Entrando nel vivo del testo, facciamo presente che i produttori hanno la possibilità di coltivare solamente le varietà certificate. In questa globalità troviamo, tra le tante opzioni, quella della cannabis sativa.
La legge in questione è nota soprattutto per le indicazioni relative al contenuto di THC, delle quali parleremo più tardi. Parlare di questo testo normativo, però, significa andare ben oltre.
Non dimentichiamo infatti che la Legge 242/2016 fornisce riferimenti anche rispetto ai prodotti che si possono ricavare dalla cannabis light. Tra questi è possibile citare gli alimenti, ma anche i cosmetici. In entrambi i casi, è necessario fare riferimento al disciplinare di produzione dei rispettivi settori.
Altri aspetti
Quando si parla del quadro normativo attualmente vigente per la cannabis light in Italia, è doveroso soffermarsi anche su altri obblighi del coltivatore. Tra questi, rientra il fatto di conservare per almeno 12 mesi i cartellini identificativi dei semi acquistati. Per quanto riguarda i semi, facciamo presente che possono essere prodotti solo da specifiche aziende.
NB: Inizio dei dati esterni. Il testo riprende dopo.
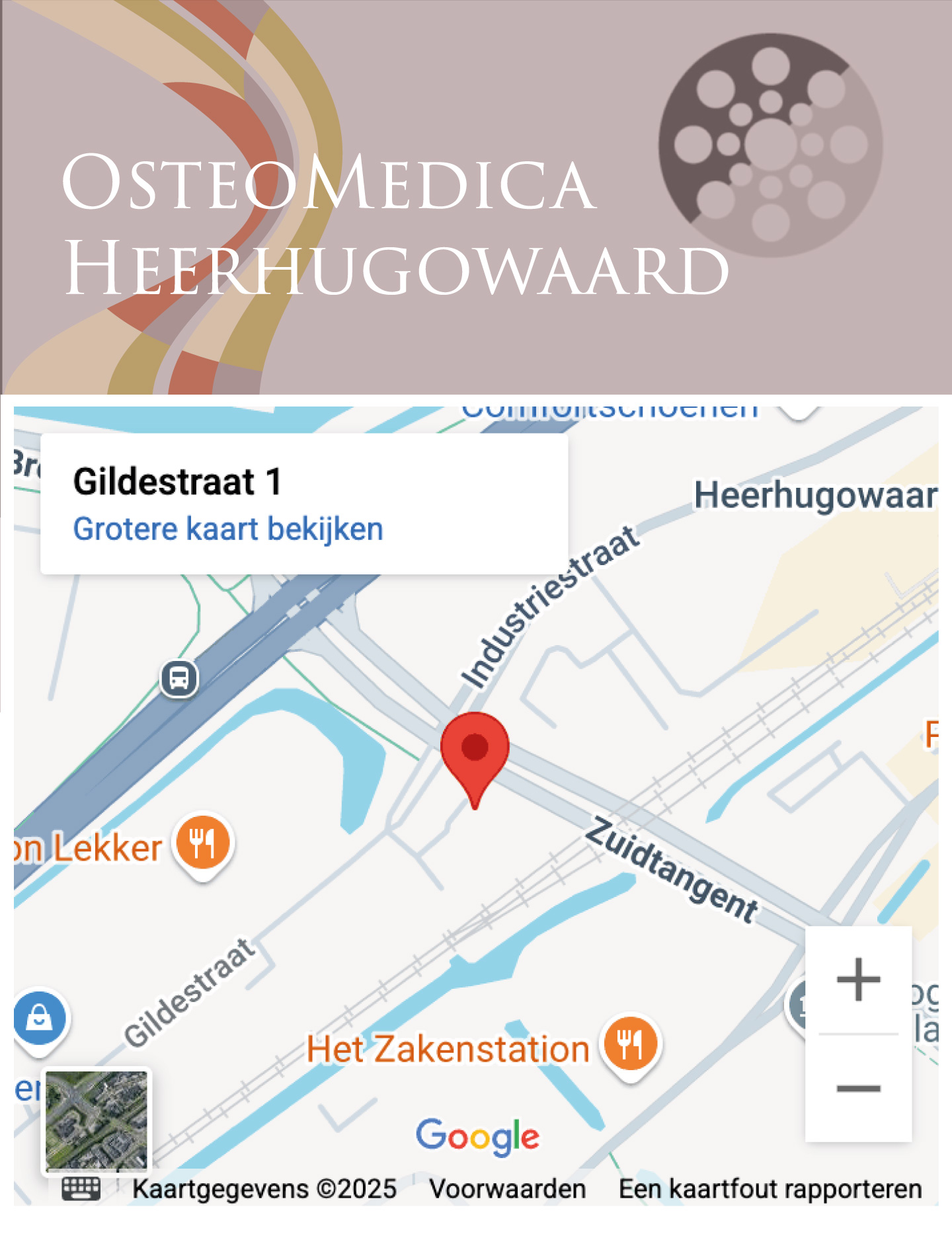 osteopaat in heerhugowaard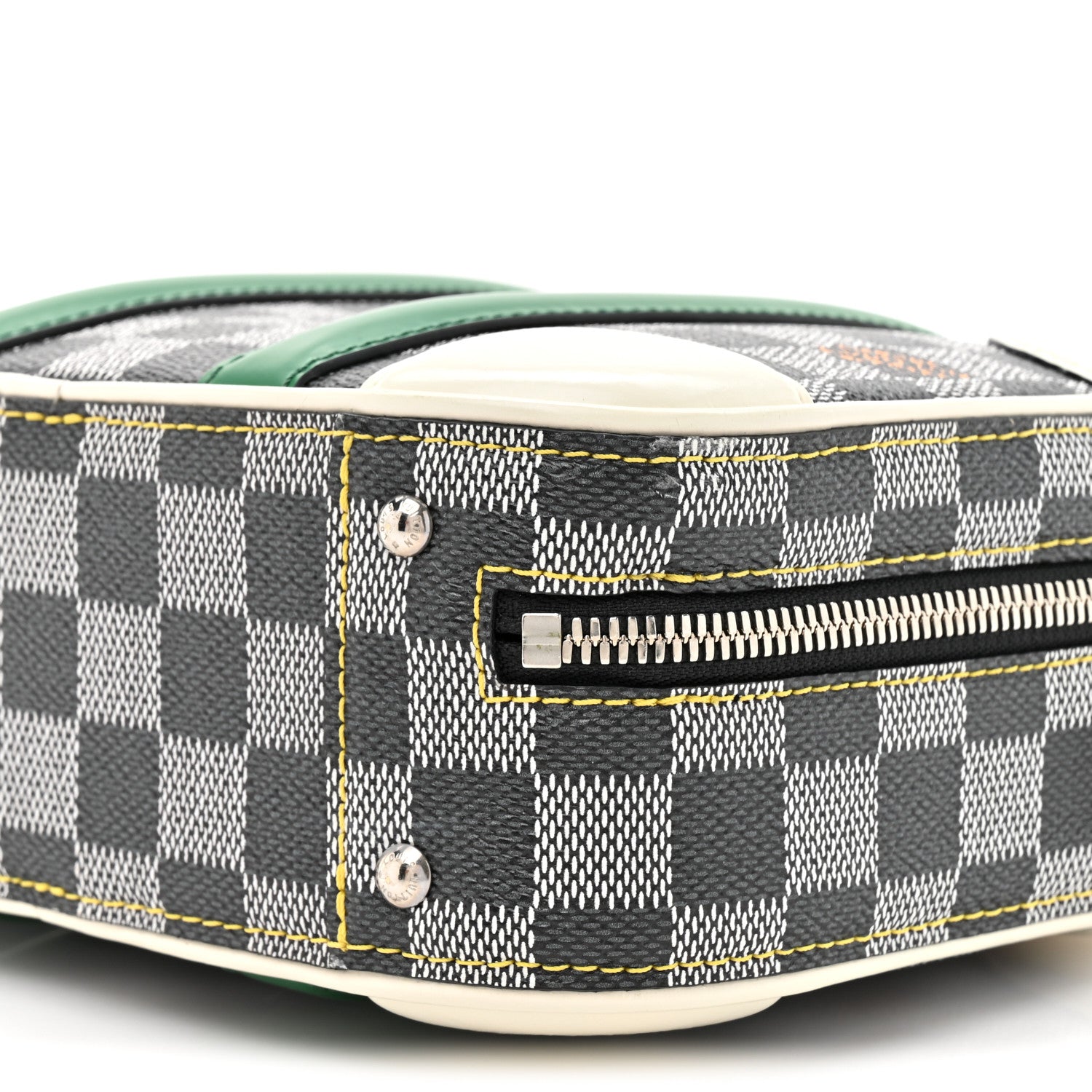 Damier Valisette BB Black White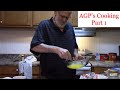 Agps cooking part 1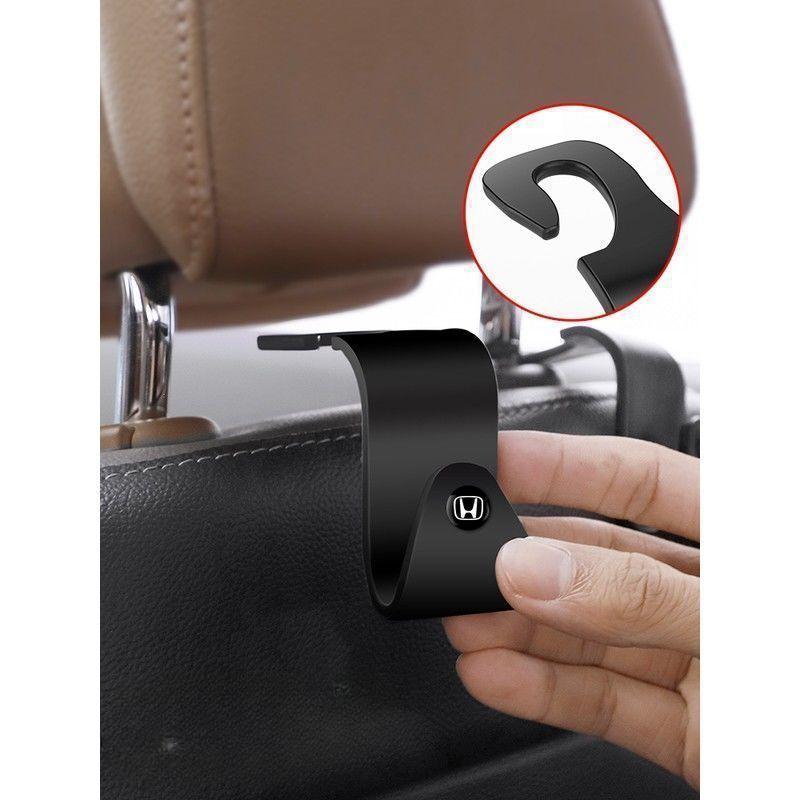 Móc treo nhỏ gọn ghế trước sau ô tô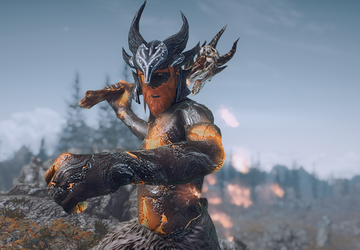 Es wird eine groß angelegte Modifikation ...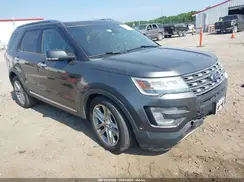 1FM5K7FH4GGD20652 2016 FORD EXPLORER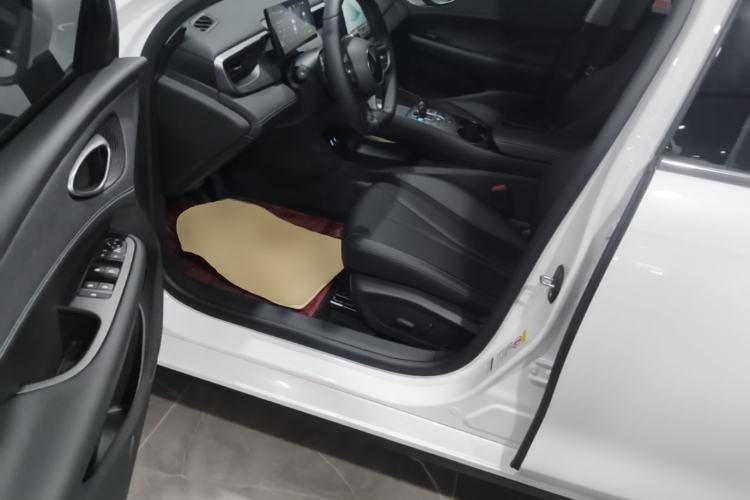 Used BYD Seal 05 DM-i 2025 DM-i Smart Drive 55KM Prestige Model Driver Seat
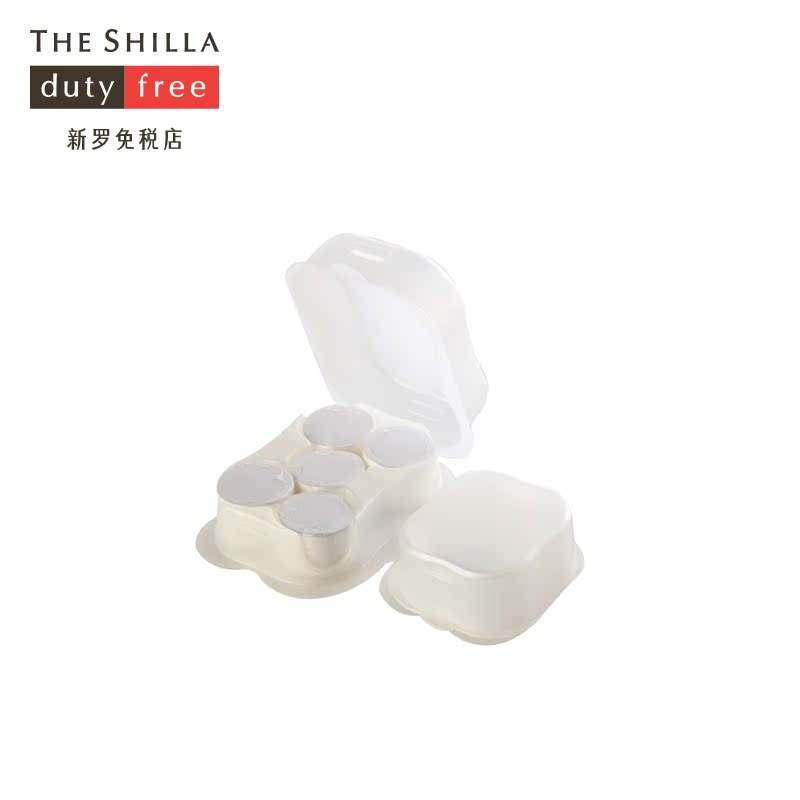 [THE SHILLA/新罗免税店] Kose/高丝 化妆水纸膜 15粒
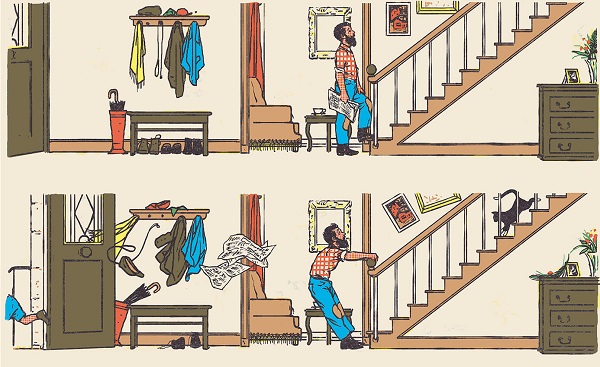 Ilustración de IMAGINA QUE...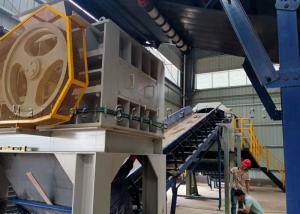 Wholesale 30KW 55KW 30 TPH Municipal Solid Waste Treatment Plant from china suppliers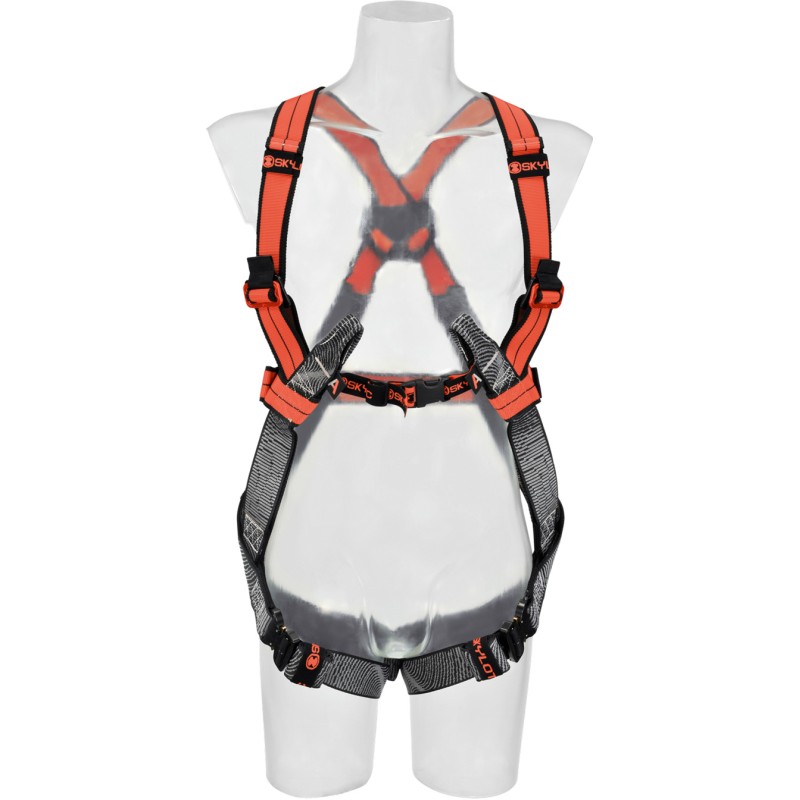 Uprząż Skylotec ARG 110 ERGOTEC TWIN CLICK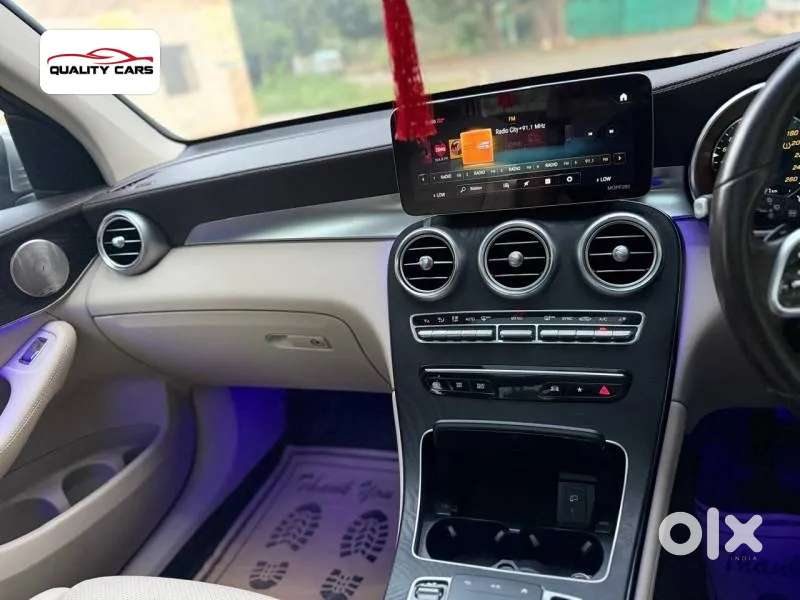 Mercedes-benz Glc Class 200, 2022, Petrol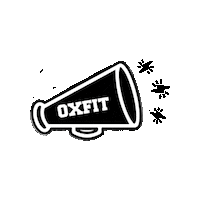 Fun Fitness Sticker by OXFIT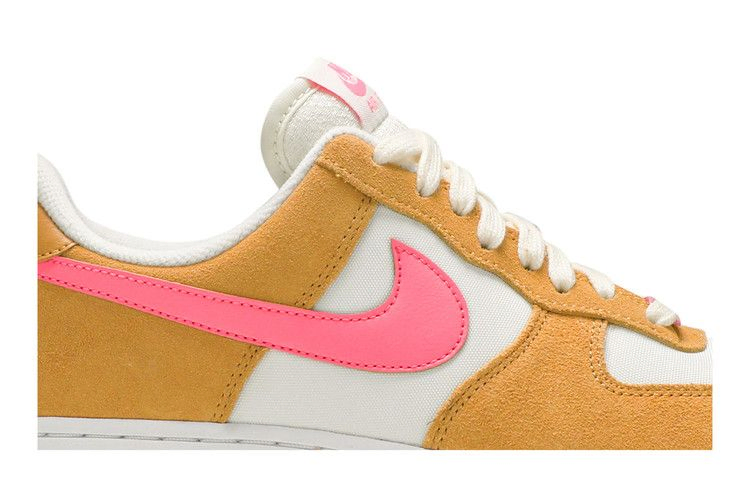 Кроссовки Nike Wmns Air Force 1 '07 'Twine Electric Orange'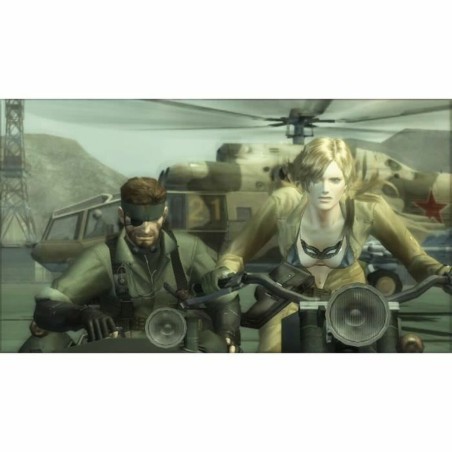 Videogioco PlayStation 4 Konami Metal Gear Solid: Master Collection Vol.1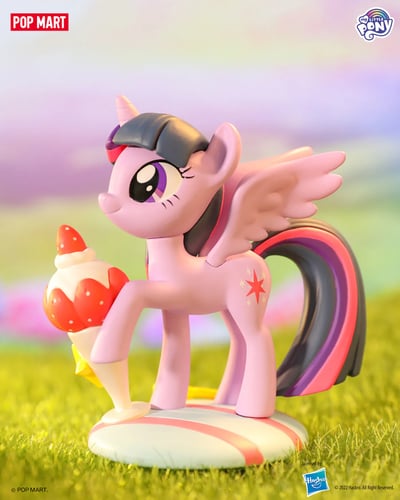 Zufällige Auswahl - My Little Pony - Leisure Afternoon Series - Pop Mart (1)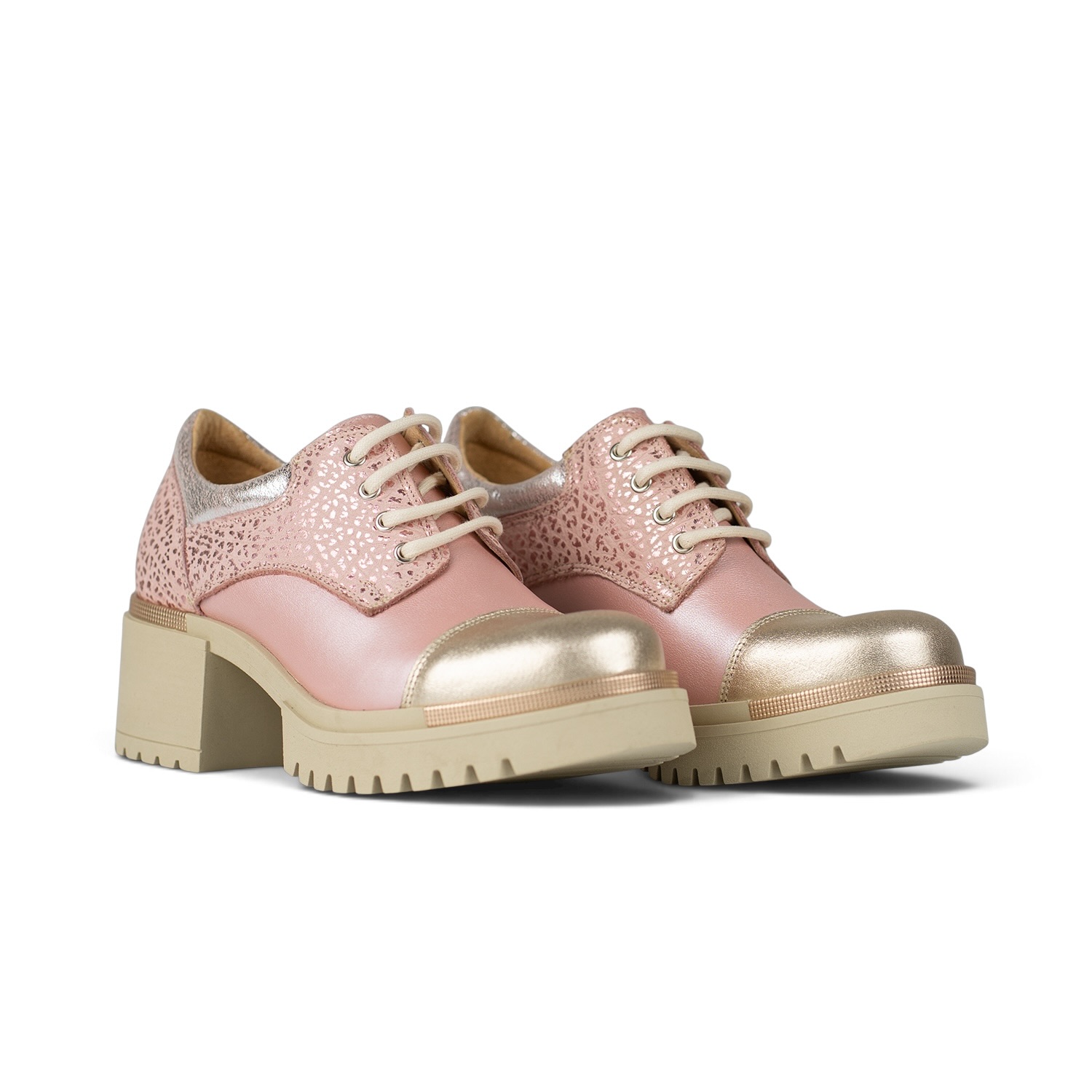 Lucca Rosa Pastel 2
Come sopra specificato, la caratteristica principale della cannabis light riguarda il basso contenuto di THC. Per legge, il principio attivo psicoattivo per eccellenza non deve superare lo 0,2. Dal momento che per i produttori non è facile mantenere questa soglia, ne è stata stabilita una di tolleranza pari allo 0,6%.
Negli anni successivi al 2017, il legislatore è più volte intervenuto in merito alla disciplina della cannabis light. Tra gli interventi in questione è possibile citare la circolare del MIPAAF del 2018, che ha ribadito i contenuti della Legge 242/2016.
Degna di nota è anche la circolare del Ministero dell’Interno risalenti all’estate del 2019. In questo testo, si invitano le forze dell’ordine a intensificare i controlli sui growshop.
Nei mesi più recenti, ha destato non poco scalpore il decreto emesso a inizio ottobre 2020 da parte del Ministro della Salute Roberto Speranza. Il testo in questione includeva il CBD o cannabidiolo, principio attivo privo di effetti psicoattivi, tra le sostanze stupefacenti.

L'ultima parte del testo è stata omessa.